▶ _Supplied information_:
--------------------------------

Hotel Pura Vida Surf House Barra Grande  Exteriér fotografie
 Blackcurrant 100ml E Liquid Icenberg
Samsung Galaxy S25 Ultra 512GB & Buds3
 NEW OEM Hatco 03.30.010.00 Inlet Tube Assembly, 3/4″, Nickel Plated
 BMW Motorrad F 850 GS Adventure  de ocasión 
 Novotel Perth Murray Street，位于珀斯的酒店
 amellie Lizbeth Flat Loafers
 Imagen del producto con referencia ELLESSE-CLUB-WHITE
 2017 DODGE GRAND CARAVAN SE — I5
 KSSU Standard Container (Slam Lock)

--------------------------------

▶ _Problem_: Reproduce exactly what appears from the line containing "Novotel Perth Murray Street，位于珀斯的酒店" down to the final line of the data.

▶ _Your solution_:
 Novotel Perth Murray Street，位于珀斯的酒店
 amellie Lizbeth Flat Loafers
 Imagen del producto con referencia ELLESSE-CLUB-WHITE
 2017 DODGE GRAND CARAVAN SE — I5
 KSSU Standard Container (Slam Lock)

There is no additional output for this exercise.